Eurozone stock markets pushed higher yesterday after Greek lawmakers adopted further austerity measures, while falling commodity prices tripped up London.
Investors greeted Greece’s parliament voting for a controversial package of pension cuts and tax hikes, essential conditions for the country to get its next dose of bailout loans and avoid a new crisis.
“European stocks were mostly firmer yesterday, though a reversal in commodity prices erased much of the early gains,” said market analyst Jasper Lawler at CMC Markets UK.
London’s FTSE 100 was down 0.2% at 6,114.81 points, Frankfurt’s DAX 30 was up 1.1% at 9,980.49 points, Paris’ CAC 40 was up 0.5% at 4,322.81 points, the EURO STOXX 50 was up 0.5% at 2,952.17 points, at close.
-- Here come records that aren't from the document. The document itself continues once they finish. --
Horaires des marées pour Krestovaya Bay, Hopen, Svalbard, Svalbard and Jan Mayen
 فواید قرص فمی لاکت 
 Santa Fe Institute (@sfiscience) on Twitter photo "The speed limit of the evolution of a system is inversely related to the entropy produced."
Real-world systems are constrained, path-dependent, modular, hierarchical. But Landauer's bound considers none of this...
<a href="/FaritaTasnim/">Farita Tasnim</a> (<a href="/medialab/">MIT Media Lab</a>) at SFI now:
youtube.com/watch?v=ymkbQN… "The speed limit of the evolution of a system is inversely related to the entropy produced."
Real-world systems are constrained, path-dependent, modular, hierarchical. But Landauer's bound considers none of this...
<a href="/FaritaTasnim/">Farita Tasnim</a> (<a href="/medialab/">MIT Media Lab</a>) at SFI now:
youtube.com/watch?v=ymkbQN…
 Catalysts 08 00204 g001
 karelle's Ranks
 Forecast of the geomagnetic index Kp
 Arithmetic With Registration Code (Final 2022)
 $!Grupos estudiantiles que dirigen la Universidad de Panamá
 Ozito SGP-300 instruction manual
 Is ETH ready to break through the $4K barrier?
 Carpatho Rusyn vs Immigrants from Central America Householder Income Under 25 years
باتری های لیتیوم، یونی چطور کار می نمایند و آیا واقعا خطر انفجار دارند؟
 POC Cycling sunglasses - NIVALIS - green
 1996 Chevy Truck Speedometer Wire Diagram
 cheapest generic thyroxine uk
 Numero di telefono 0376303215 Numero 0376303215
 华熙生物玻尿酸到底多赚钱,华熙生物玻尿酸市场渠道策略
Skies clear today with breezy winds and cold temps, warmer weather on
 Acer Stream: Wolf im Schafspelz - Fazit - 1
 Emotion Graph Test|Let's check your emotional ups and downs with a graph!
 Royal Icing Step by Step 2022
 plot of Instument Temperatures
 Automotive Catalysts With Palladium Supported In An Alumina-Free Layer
“Free-falling iron ore and copper prices are a serious headwind to FTSE 100 mining stocks,” said Lawler.
Miner Anglo American tumbled 13.8%, Glencore slumped 9.0%, Rio Tinto shed 7.9% and BHP Billiton fell 6.1% as iron ore prices slumped around 9% and copper shed 2%.
Meanwhile, Frankfurt rose sharply after data showed German industrial orders, a key measure of demand, rebounded 1.9% in March on the back of stronger than expected foreign demand.
ING’s Carsten Brzeski noted that “even if monthly new orders data is too volatile to be a really reliable indicator of what is going on in the industry, today’s numbers give some hope that the stagnation since last summer is gradually fading away”.
Meanwhile, hopes rose for Greece to receive much-needed debt relief after Eurogroup head Jeroen Dijsselbloem said he wants a deal agreed on May 24.
Athens’ main stocks index closed up 0.74%.
“There is quite some relief where Greece is concerned,” said trader Markus Huber at City of London Markets.
Wall Street opened moderately higher on Monday with the Dow adding 0.2%.
Elsewhere, initially oil prices jumped after Canadian producers cut back output as huge wildfires spread in Alberta, but had turned back down in afternoon trading.
Crude market dealers were keeping watch also on Saudi Arabia, which at the weekend sacked its long-serving oil minister in a major government overhaul.